ルイスの成功は約10年続き、ザ・ビッグ・ボッパーの『Chantilly Lace 』や『Rockin' My Life Away 』のカヴァーなどを含む過去のロックの曲もヒットした。21世紀に入り、ルイスはコンサート・ツアーで世界をまわり、新しいアルバムも発表している。2006年のアルバム『Last Man Standing 』は世界中で100万枚以上を売り上げ、彼のアルバム売り上げ記録を更新した。2010年のアルバム『Mean Old Man 』はルイスのアルバムの中でも高い売り上げの1つとなった。

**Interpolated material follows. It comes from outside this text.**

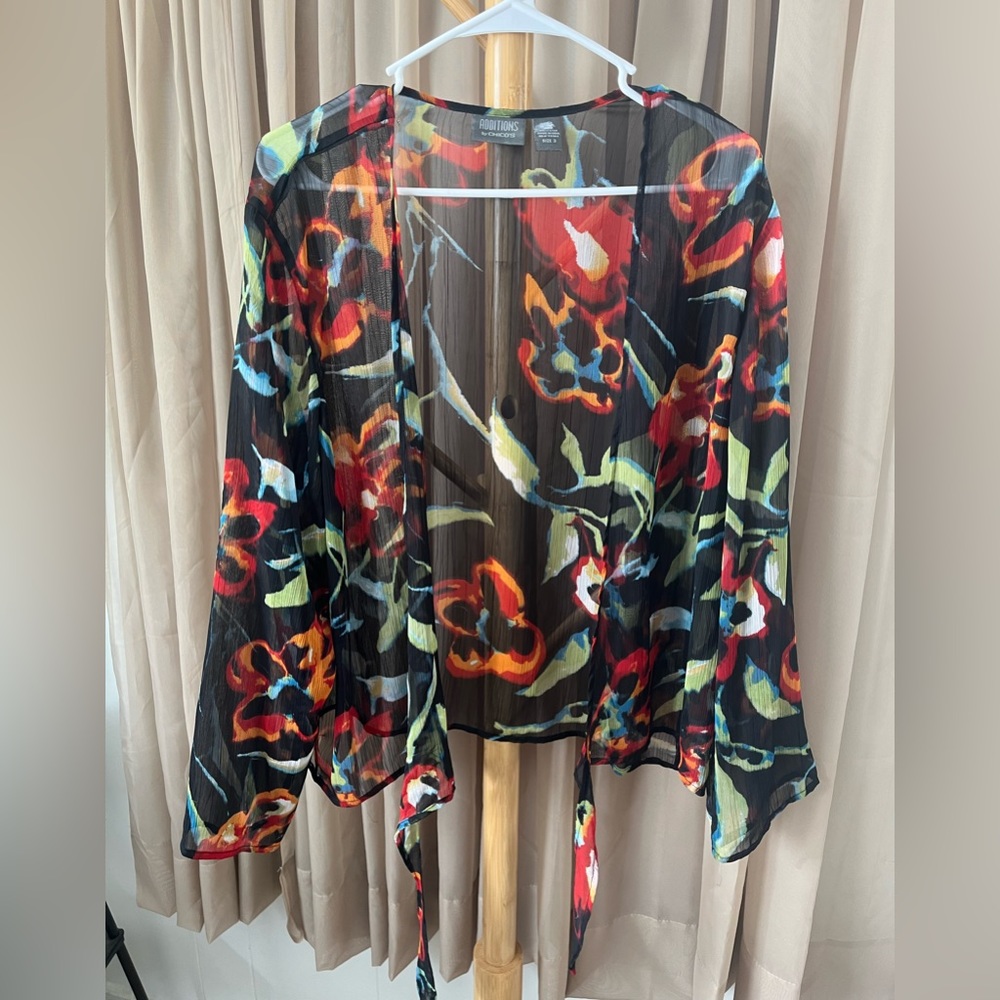 Chico's lightweight shirt open front. Size 3 (16/18) bright floral pattern $25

母親は彼をテキサス州ワクサハチーにある神学校Southwestern Assemblies of God University に入学させ、聖歌隊でしか歌えなくなった。しかし『My God Is Real 』をブギウギ調で大胆に演奏した。生徒会長であったピアリー・グリーンは、彼がタレント・ショーで「世俗的な」音楽を演奏したと語った。翌朝学部長はジェリー・リー・ルイスとグリーンを呼び出し、彼らを退学させた。ルイスは「(グリーンは)俺が何を演奏するか知らなかった」ため退学させられるべきではなかったと語った。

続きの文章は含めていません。